The Charlottesville rally was protesting against the removal of a Robert E Lee statue.

"I was appalled when I heard about the other statues," says Marshall Davis, spokesman for the Sons of Confederate Veterans, Texas Division, which took the university to court to keep the Davis statue in its outdoor location.

“It was done without due process, against the wishes of confederate descendants and without the consensus of the citizens of Austin. At least with Davis there was some co-ordination with the Briscoe centre and respect shown.”

History ‘ripped apart’

According to polls, many Americans agree with US president Donald Trump, who tweeted that the "history and culture of our great country [is being] ripped apart with the removal of our beautiful statues and monuments".
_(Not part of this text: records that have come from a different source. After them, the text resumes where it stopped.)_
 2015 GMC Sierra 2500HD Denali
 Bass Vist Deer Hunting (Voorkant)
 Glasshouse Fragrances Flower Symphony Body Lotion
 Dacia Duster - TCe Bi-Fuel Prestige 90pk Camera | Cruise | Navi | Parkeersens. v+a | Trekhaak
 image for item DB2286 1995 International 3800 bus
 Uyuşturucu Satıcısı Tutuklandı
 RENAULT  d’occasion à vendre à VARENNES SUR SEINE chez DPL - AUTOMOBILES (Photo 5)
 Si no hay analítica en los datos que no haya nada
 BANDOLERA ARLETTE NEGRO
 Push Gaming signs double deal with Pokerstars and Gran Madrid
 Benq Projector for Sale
There are at least 700 Confederate monuments in the United States – the exact number isn't known and is probably much higher – with the majority in southern states such as Texas. Only a few have been removed.

"They're a celebration of the confederacy and a declaration of values," says Kevin Foster, an anthropology professor at Austin, noting most were built in the early 20th century when southern political leaders were instituting segregationist Jim Crow laws and during the civil-rights movement.
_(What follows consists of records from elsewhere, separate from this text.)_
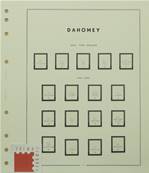 DAHOMEY 1899-1942 avec pochettes MOC 313846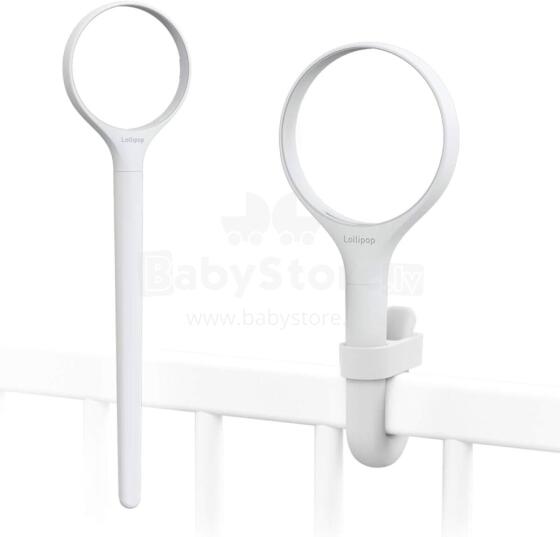 Lollipop Silicone Outer Art.SA-LOLA004GLGY Grey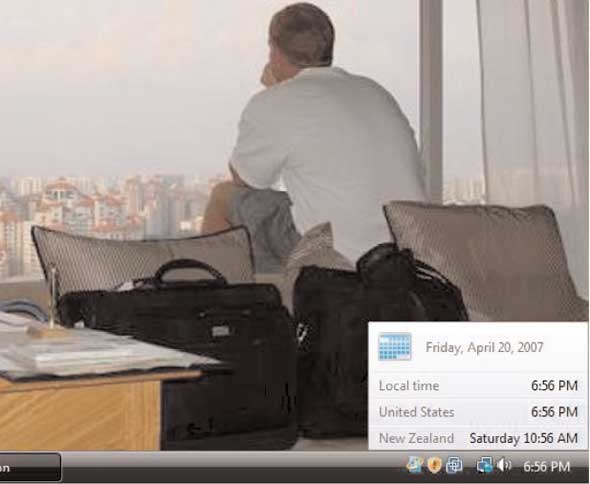 �������������� ���������� � ������������ ������� Windows Vista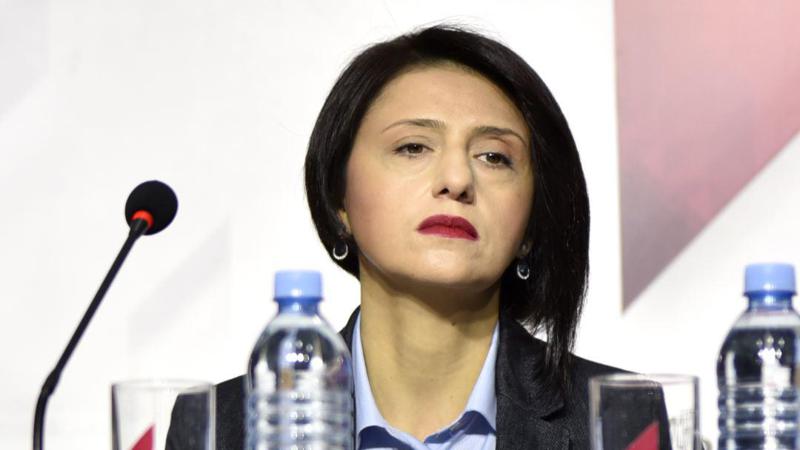 საზოგადოებრივი მაუწყებლის გენერალურ დირექტორად თინათინ ბერძენიშვილი აირჩიეს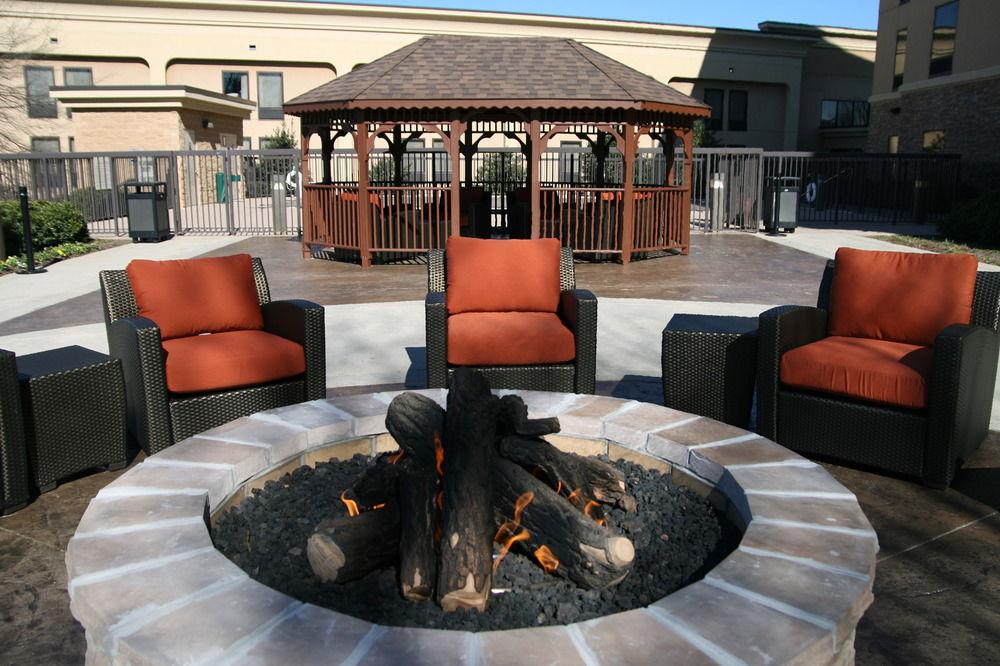 Hampton Inn Knoxville-West At Cedar Bluff Exterior photo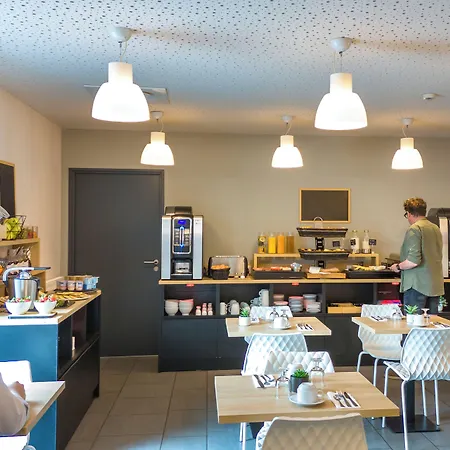 Nemea Appart Hotel Grand Coeur Nancy Centre-2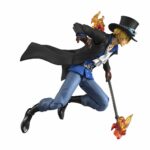 Descubre el apasionante mundo de Figura Action Heroes Sabo.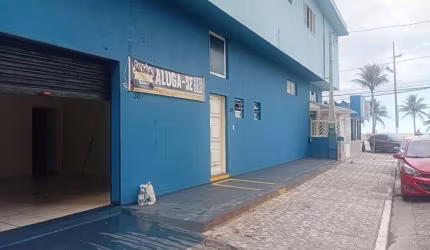 Loja para Locação Comercial no Bairro Mirim – Praia Grande - R$ 3.000,00
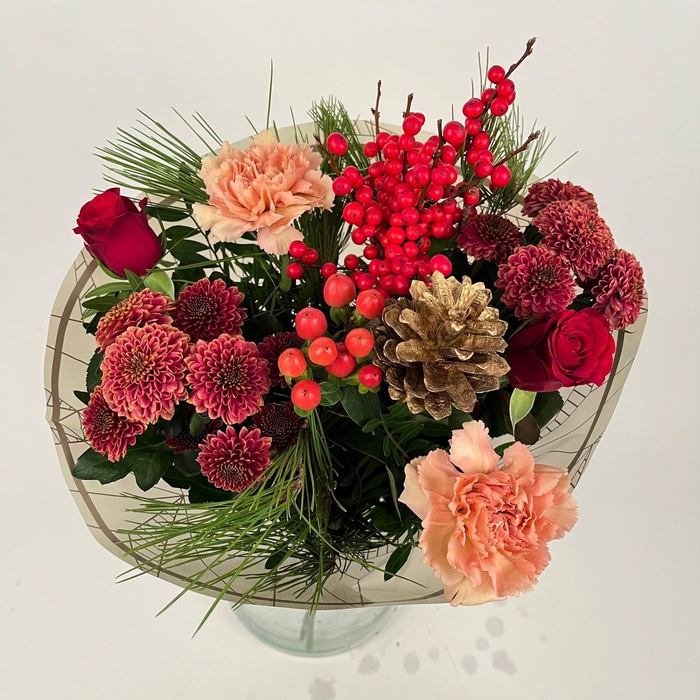 <h4>Bq Xmass Cherry M</h4>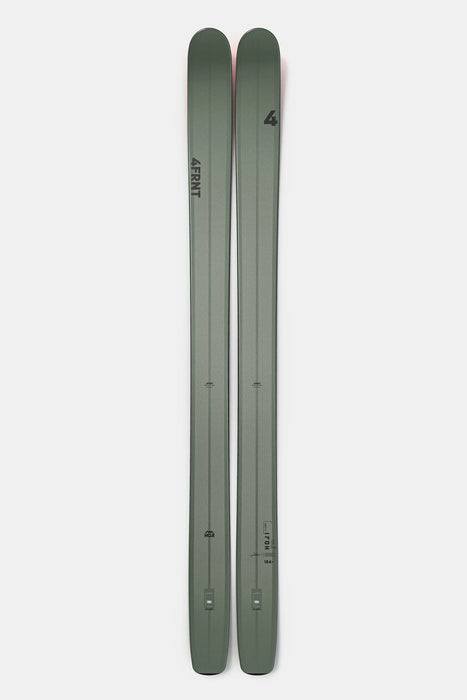 4FRNT Hoji Evergreen 2027 Skis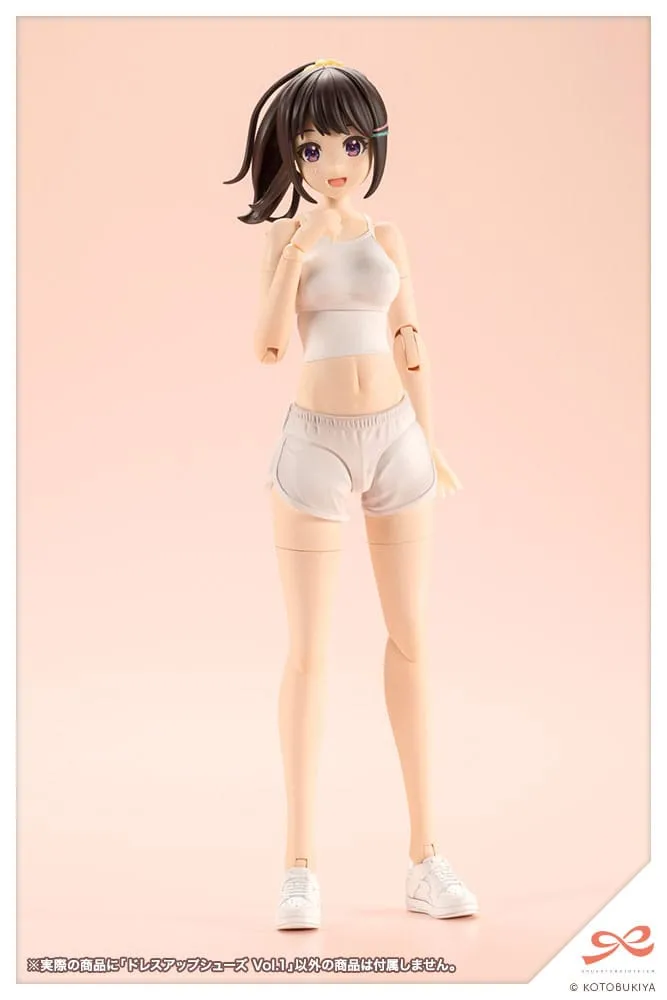 Sousai Shojo Teien Accessory Set For Action Figures Dress Up Shoes Vol.1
"These are not coincidences – after the 1954 supreme court case of Brown v Board of Education that desegregated schools, there was immediate pushback, with state flags altered to include parts of the Confederate flag and public buildings named after members of the Ku Klux Klan. There was a real slap-in-the-face element to it."

For more than three decades at StudioEIS in New York they have been making sculptures of historic figures, ranging from pop and sports icons to renowned individuals such as Thomas Jefferson, Frederick Douglass and Abraham Lincoln.
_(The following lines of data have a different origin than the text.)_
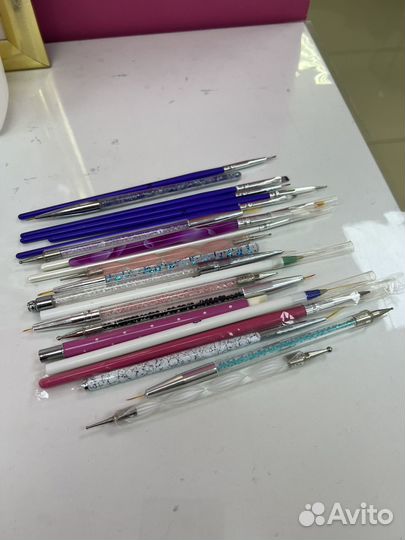 Принадлежности для маникюра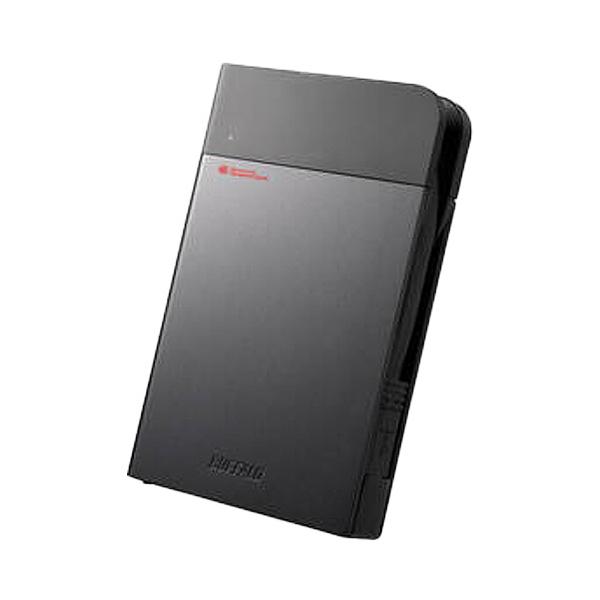 BUFFALO（バッファロー） 法人向け HW暗号化ポータブルSSD 2TB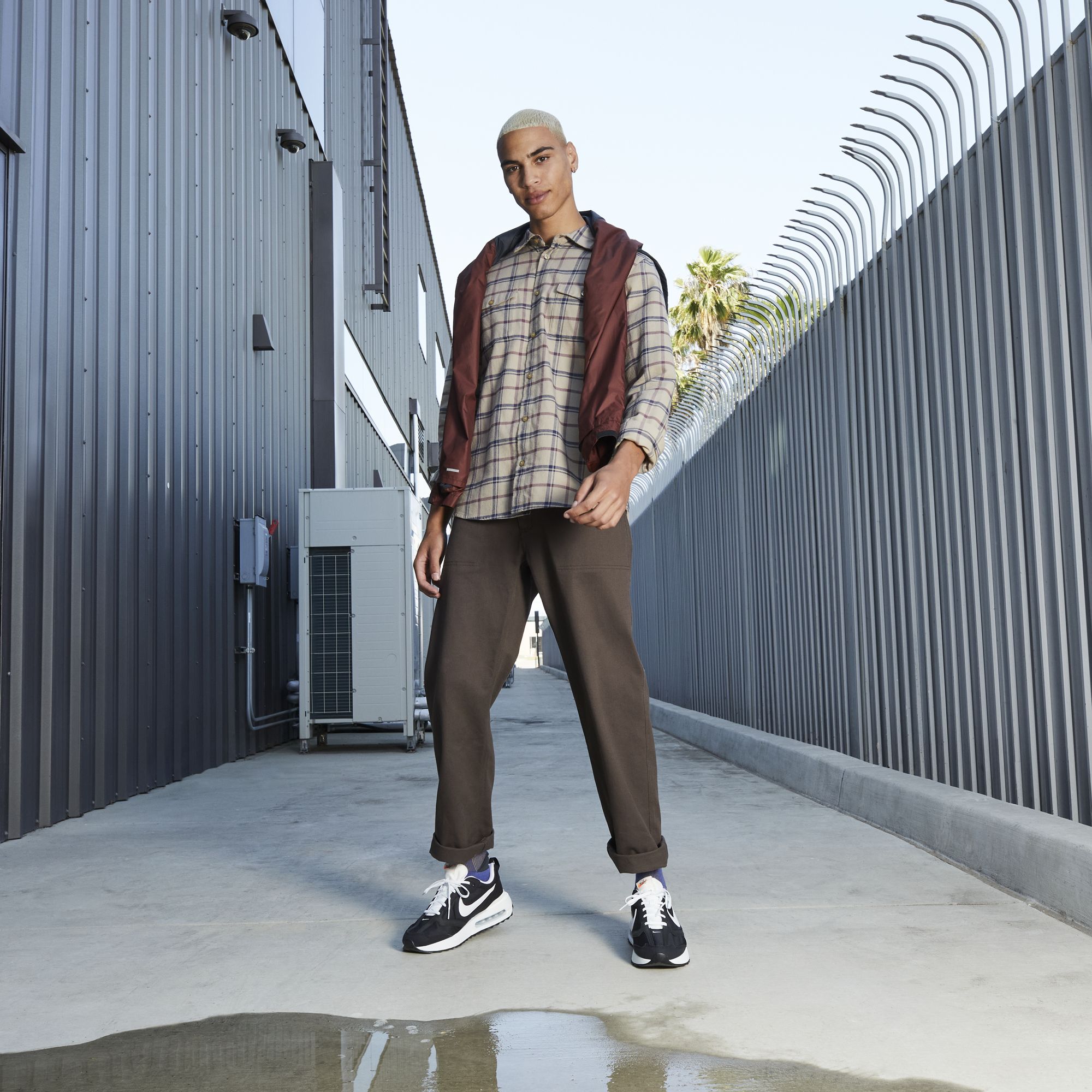 Daha Dengeli Bir Duruş için Nike Ayakkabı Seçenekleri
"This is a massive conundrum for the country; symbols are very important for societies," says Ivan Schwartz, the studio's founder and director.

“It’s an irony that, with all the debate, I find myself more intrigued by statue removal. I think they have to go. Is there a national consensus on this? I doubt that. So far the responses have been very ad hoc: some cities are removing them while in other states laws ban that.”

Effigies in the UK

The UK has its own statue controversies. At the University of Oxford, students called for a statue of empire builder Cecil Rhodes to be removed from Oriel College on the basis that it represented colonial oppression and slavery. London's monument to Lord Nelson, which towers over Trafalgar Square, has been criticised for similar links.

“There’s a genuine concern among people on both sides of the Atlantic about where does it end,” says Wright, who is from Leicester.

“Robert E Lee and Jefferson Davis led an armed rebellion against a democratically elected government to perpetuate slavery that led to the deaths of about 700,000 people,” he says. “That’s just on a different plain compared to UK statues of characters with dubious legacies. Cecil Rhodes is not a modern-day symbol of hatred.”

Currently there are no plans to exhibit the three statues coming to the Dolph Briscoe Center due to logistical and space restrictions. They will, however, be available for students and researchers to view and study.

And the centre plans to complete 360-degree digital photography of each statue to create online exhibits.

“They will be even more accessible than when they were on the mall,” Carleton says. “As symbols of public values, they had to come down. As historical artefacts they needed to be preserved. And that’s what we’ve done.”